§ **Prompt**
Pictures are to be left out; otherwise, copy exactly the lines from the line containing "noir volt 5" through the end of the data.

§ **Provided entries**
********

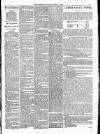 Leigh Chronicle and Weekly District Advertiser Friday 07 March 1884 Page 3
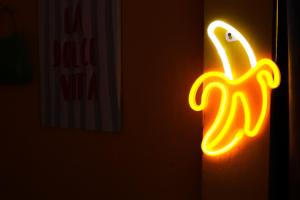 Studette pop art Angers - 2 personnes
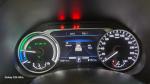 nissan-juke-2023-hibrido-a-gasolina-1598cc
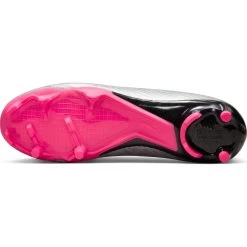 Scarpe Da Calcio Nike Zoom Mercurial Superfly 9 Academy XXV MG 19 Scarpe Da Calcio Nike Zoom Mercurial Superfly 9 Academy XXV MG -Negozio Di Attrezzature Per Il Calcio nike fb8402 060 argent metallique hyper rose noir volt 5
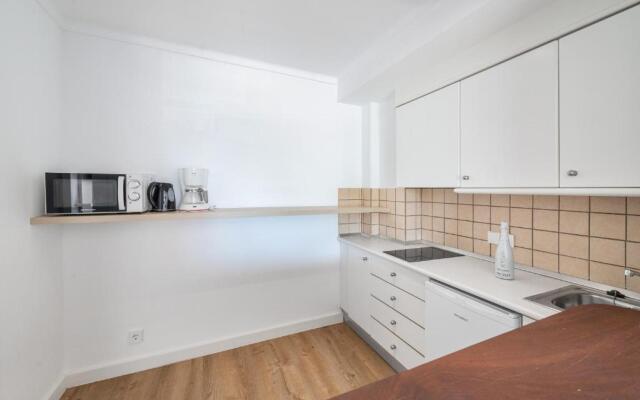 Apartamentos Massanet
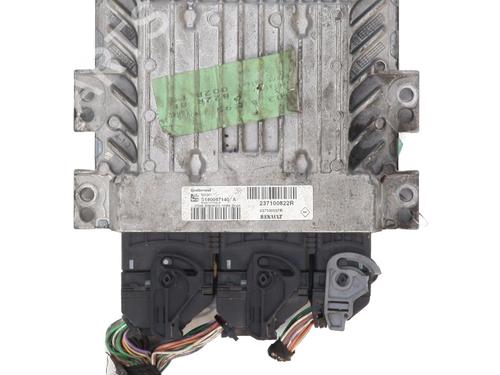 engine-control-unit-ecu-renault-megane-cc-ez01_-2010-2011-2012-2013-2014-2015-29292147 main image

********

§ **Solution to the problem**
 Scarpe Da Calcio Nike Zoom Mercurial Superfly 9 Academy XXV MG 19 Scarpe Da Calcio Nike Zoom Mercurial Superfly 9 Academy XXV MG -Negozio Di Attrezzature Per Il Calcio nike fb8402 060 argent metallique hyper rose noir volt 5
 Apartamentos Massanet
 engine-control-unit-ecu-renault-megane-cc-ez01_-2010-2011-2012-2013-2014-2015-29292147 main image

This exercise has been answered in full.